*** RECORDS PROVIDED Section Begins ***

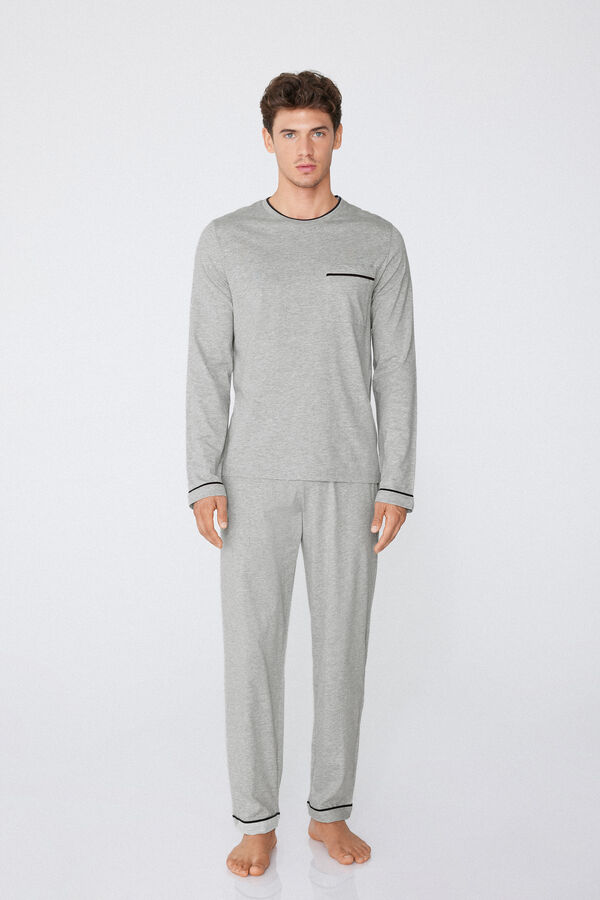 Men&rsquo;s Long Piping Cotton Pyjamas  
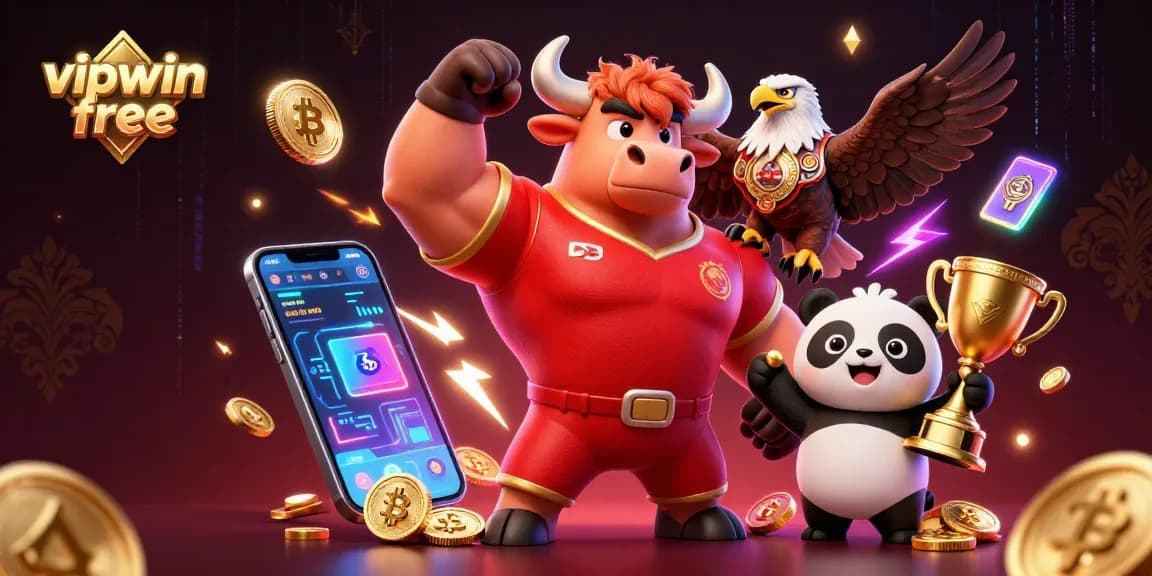 Experience the thrill at vipwin free with vibrant 3D characters celebrating gaming success amid neon crypto elements.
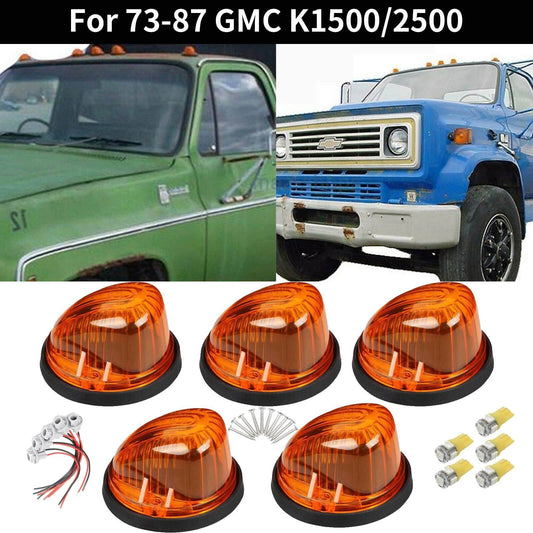 5-piece amber marker light strip base for gap between cab roof and vehicle cab, suitable for 1973-87 for GMC K1500/2500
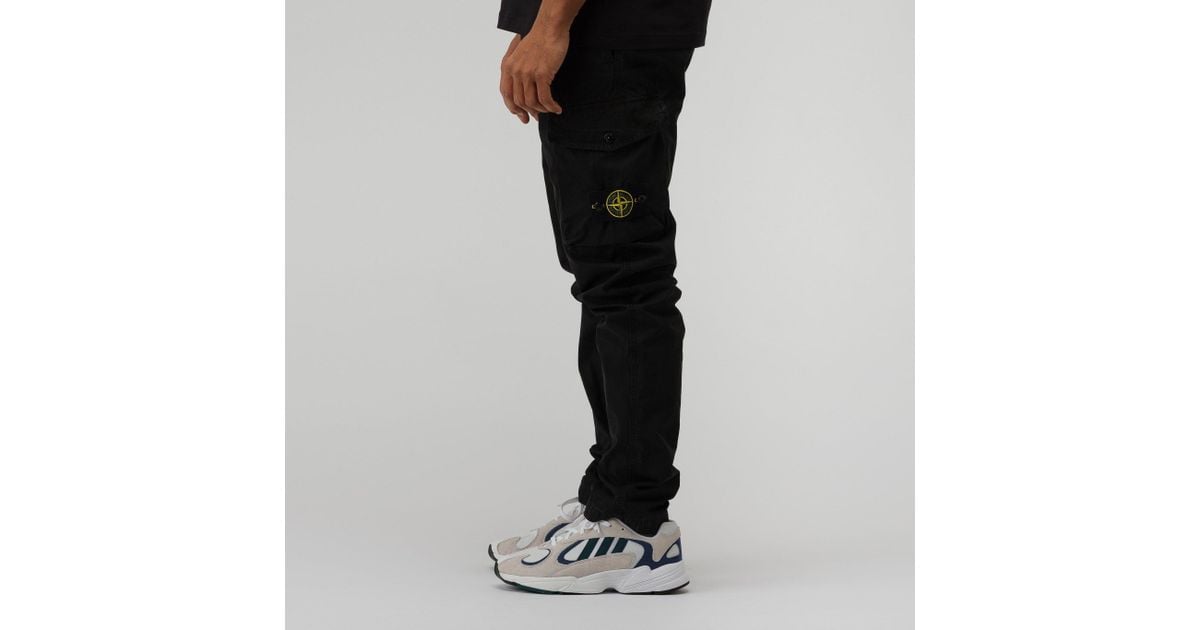 Stone Island Cotton 318wa Cargo Pant In Black for Men - Lyst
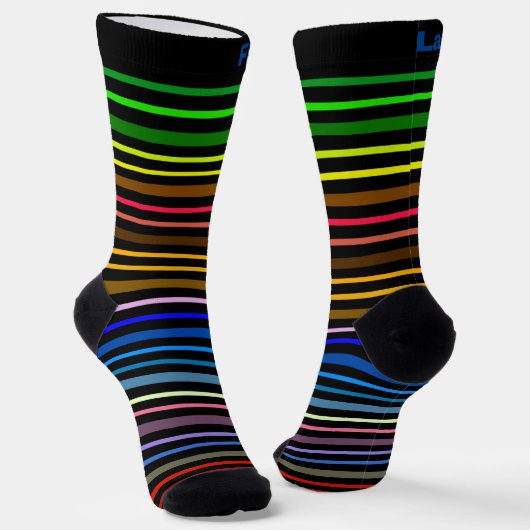Regenbogenstreifen - personalisierbar socken (Gewinkelt)
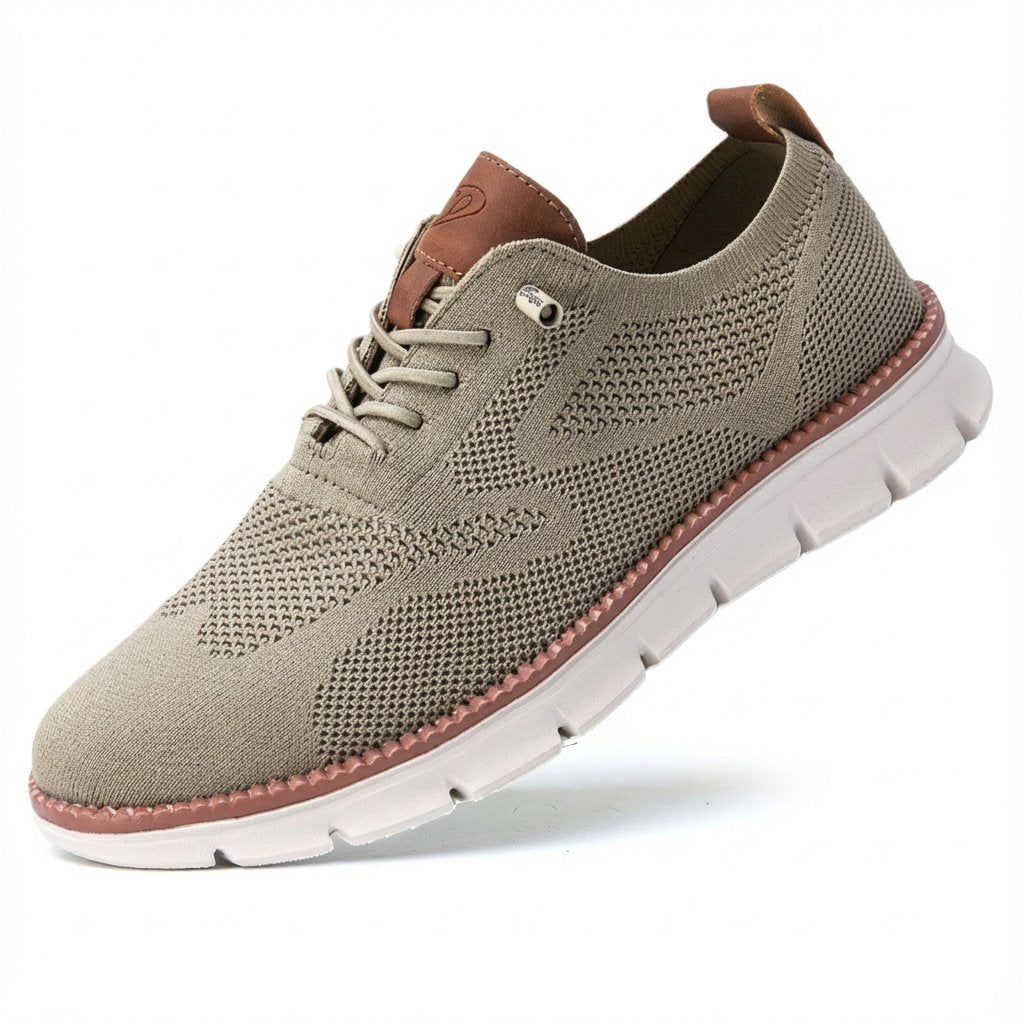 Men's Breathable Mesh Lace-Up Casual Trainers - Caqui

*** RECORDS PROVIDED Section Ends ***

_TASK REQUIREMENTS_. No pictures belong in the output. Restate word for word only the lines from the one containing "Stone Island Cotton" to the end of the entries above.

_EXERCISE RESULT_.
 Stone Island Cotton 318wa Cargo Pant In Black for Men - Lyst
Regenbogenstreifen - personalisierbar socken (Gewinkelt)
 Men's Breathable Mesh Lace-Up Casual Trainers - Caqui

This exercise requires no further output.